Nexo Line Array Handles Winter Gardens’ Acoustics

Audio-visual integrator Design AV Europe cooperated with AMS Acoustics and sound reinforcement manufacturer Nexo on the new sound system for the recently-renovated Winter Gardens Pavilion in Weston-super-Mare, Somerset.

Design AV Europe was contracted to provide audio and video technology in four areas of the Pavilion: the ballroom, the adjacent bar and restaurant, the reception, and the College reception. Damien Orritt of Design AV approached Nexo to supply the audio system for the ballroom/concert hall, designed to work in any one of five audio scenarios: speech, dinners and table-seated events; live band and concert-type events; a ballroom mode with sound only on the dancefloor; and a full DJ mode with sound on the dancefloor and the promenade.

The central space of the Pavilion is the unusual oval-shaped ballroom, with a raised promenade encircling the sunken floor, under a domed roof. Huge floor to ceiling windows ring the space, which can accommodate 450 people in a variety of layouts.

London-based AMS Acoustics was keen to work on the electro-acoustic tuning of the project, as Helen Goddard explains. “This is not an easy space to put loudspeakers into. It has been designed with a natural acoustic which allows a band to be heard all across the dancefloor. The elliptical shape of the room has two distinct axes, and the domed roof was focussing sound back down into the room. There was even a stunning ‘flutter echo’, which is a very rare event!”

“Technically, getting the acoustics right is the most difficult part of the installation,” explains Damien Orritt of Design AV. “We applied a Class A absorber to the dome itself, just to flatten it out a bit, and worked with AMS Acoustics on programming five user settings which are button-selectable on the Crestron touchpanel.”
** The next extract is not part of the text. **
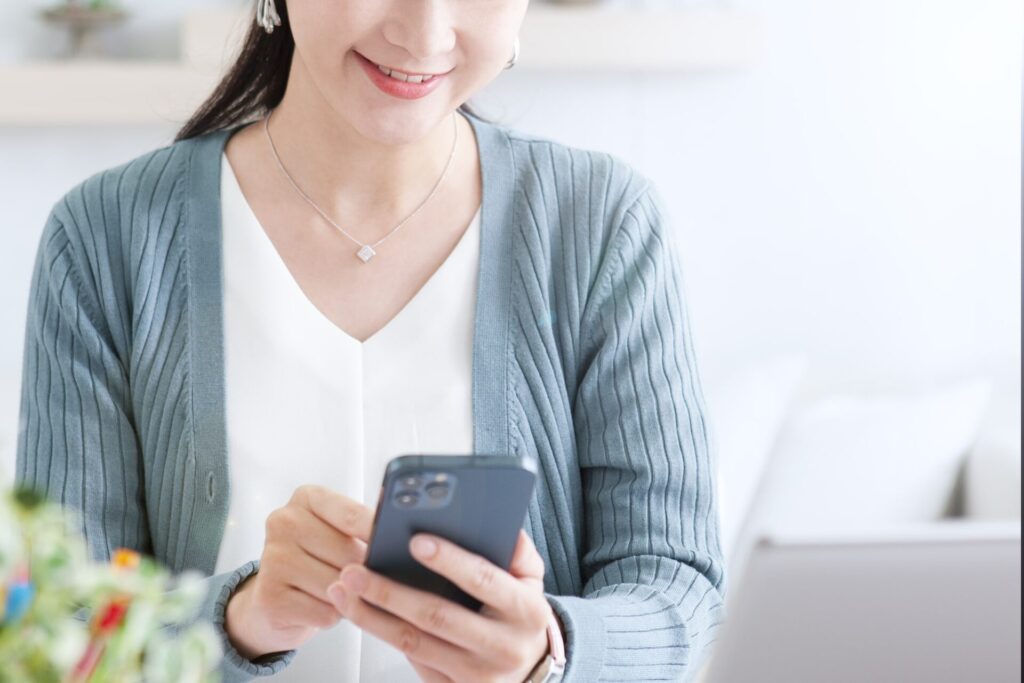スマートフォンを操作する女性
For the central area (dancefloor), there are left/right clusters of four Geo M620 line array modules, with two LS18 subwoofers built into the surrounding balcony. For the promenade area, NEXO ID24i compact loudspeakers have been fitted. Specifying the 120° x 60° model for its wide dispersion characteristics means that just 13 speakers are needed to provide full coverage.

“The ID24s are white and very low profile, so they don’t disrupt the room’s aesthetic,” says Nexo’s Gareth Collyer. “The Geo M620 line array modules allow the dispersion to be maximised front to back. Even though the length of the line array is short, thanks to the compactness of the M6 design, the angles between cabinets provide vertical control, directing sound away from the glass and the roof. Having the ID 24i loudspeakers around the promenade allows for the introduction of time delays, especially useful for the speech/teaching scenario, where they provide enhanced speech intelligibility.”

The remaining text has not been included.